— Да ведь и хлеб с картошкой не с неба падают! — махнул рукой хозяин. — За них весь изломаешься на помещичьем поле.
— Ну так распрями спину хоть раз! — сказал младший брат. — Они рады тебя узлом завязать, только дайся им в руки.
— Узлом завяжут, детушки, — пробормотал старик, — узлом, так что и не пошевельнешься. Не распрямишься. И суд и все права у них. Господам противиться кто посмеет? Не посмеет никто, детушки, не посмеет…
Младший брат хотел было сказать что-то, но только сердито швырнул ложку на стол, сел в угол и принялся развязывать бечевки от постолов. Одна за другой упали на пол постолы, а за ними последовали такие же грязные портянки.
На кровати больше не видно стало боязливо-любопытных ребячьих глаз: дети заснули…
4
Перед тем как лечь спать, старшие снова затеяли беседу.

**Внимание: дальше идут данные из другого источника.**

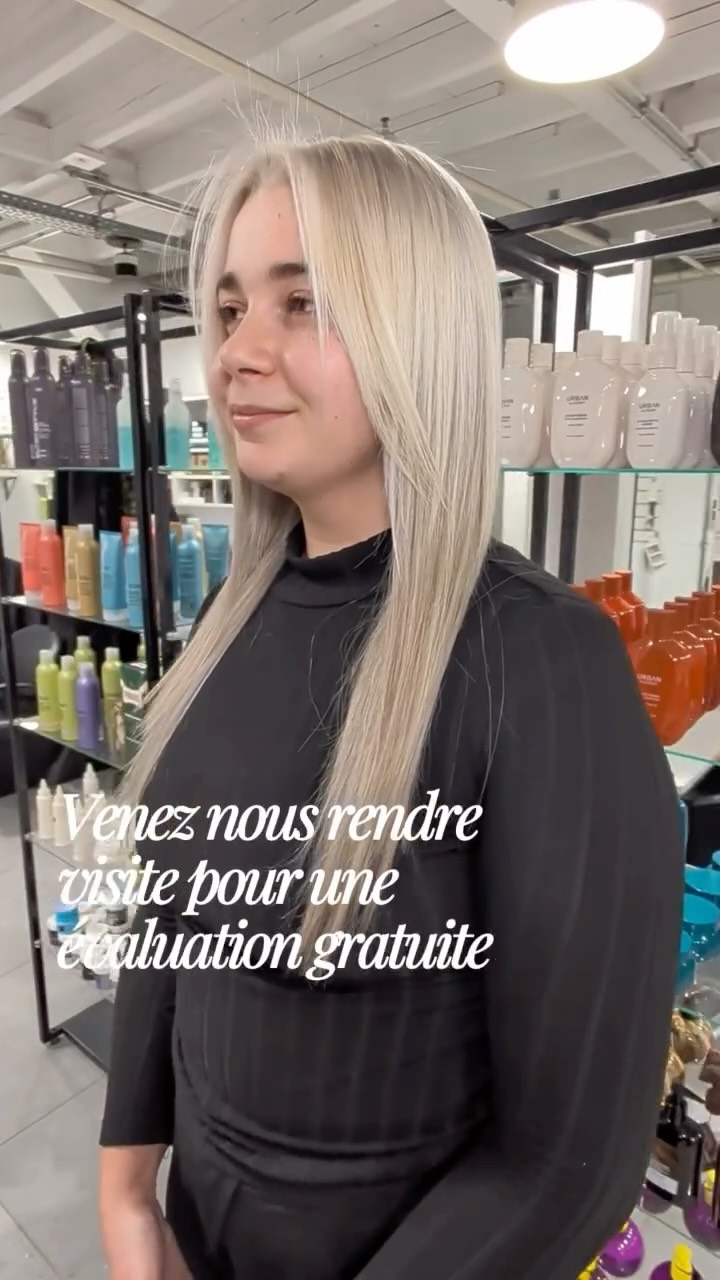 Vous pensez que c’est impossible ? Chez nous, grâce à nos extensions Hairdreams, la magie commence : fini de rêver, vos cheveux de rêve sont enfin là !
✨ C’est possible et plus simple que vous ne le croyez. Il vous suffit de nous rendre visite pour une évaluation gratuite et commencer à profiter de la longueur et du volume que vous avez toujours désirés.
💇♀️ Transformez vos rêves capillaires en réalité cette année avec nous !
#hairdreams #coiffure #extensions #qualityhair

— Эх, иногда приходит на мысль, — сказал хозяин, — бросить тут все, переселиться в Сибирь, купить себе участок земли и зажить по-человечески. Но эти вши висят на мне. — Он указал на жену, детей и старика. — Один я давно уже убрался б отсюда. Но куда пойдешь с такой оравой? Денег на дорогу и то нет. Сам хоть на четвереньках дополз бы, но как быть с ними?
Все уже легли, лампа погасла; в воздухе чувствовался керосиновый чад.
— Туда бы добрался, — мечтал вслух хозяин лачуги, — тогда все нипочем. Землю даром получишь. Казна поможет дом выстроить. Леса кишат дикими лошадьми: лови и впрягай в плуг. В солдаты там не берут. А кому еще и золото найти посчастливится — тот сразу разбогатеет!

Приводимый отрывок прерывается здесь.